Les revendications et mots d'ordre du Programme de Transition ne forment pas un catalogue, chaque revendication et mot d'ordre succédant chronologiquement à l'autre. Les luttes ouvrières, les grands combats de classe ne passent pas nécessairement d'abord par tel ou tel stade, auquel serait applicable tel ou tel mot d'ordre et revendication, et ensuite tel ou tel autre. Tout dépend de la situation politique concrète et l'on ne peut exclure une situation où le seul mot d'ordre mobilisateur immédiat soit la lutte pour le pouvoir. Le Programme est l'expression véritable et consciente de l'expérience des masses, des lois de la lutte des classes, à l'époque de l'impérialisme et de la révolution prolétarienne. L'intervention et le combat politique n'attend pas « une mobilisation des masses », il est indispensable à sa préparation, à son développement.

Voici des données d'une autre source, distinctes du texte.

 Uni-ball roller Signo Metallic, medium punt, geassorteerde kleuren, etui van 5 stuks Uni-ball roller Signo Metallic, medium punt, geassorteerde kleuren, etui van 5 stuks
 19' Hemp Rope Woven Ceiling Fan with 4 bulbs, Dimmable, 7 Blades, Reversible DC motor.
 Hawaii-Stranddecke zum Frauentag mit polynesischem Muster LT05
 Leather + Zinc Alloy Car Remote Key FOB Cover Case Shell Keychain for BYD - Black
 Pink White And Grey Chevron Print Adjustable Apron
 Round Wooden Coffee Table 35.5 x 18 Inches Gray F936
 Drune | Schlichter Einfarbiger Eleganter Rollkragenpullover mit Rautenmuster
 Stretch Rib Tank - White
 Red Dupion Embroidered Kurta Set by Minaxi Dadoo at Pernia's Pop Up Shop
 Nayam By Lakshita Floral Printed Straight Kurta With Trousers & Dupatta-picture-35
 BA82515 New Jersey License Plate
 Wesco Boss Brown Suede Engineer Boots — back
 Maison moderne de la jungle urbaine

L'application par l'avant garde révolutionnaire, fût elle faible et peu enracinée, du programme par son intervention politique participe du mouvement des masses, est un de ses éléments constituants. Il faut simplement qu'elle ne soit pas arbitraire mais corresponde au mouvement réel de la lutte de classe du prolétariat. Les mots d'ordre et revendications, les combats, l'organisation des masses ne jaillissent pas nécessairement spontanément et dans tous les cas. La « spontanéité » a ses limites. Ainsi, de façon constante, aussi bien dans les périodes de calme relatif qu'au cours de luttes grandioses, la lutte politique guidée par le programme de l'organisation révolutionnaire est la plus haute expression de « l'expérience des masses ». La lutte politique passe par différentes phases mais elle est ininterrompue.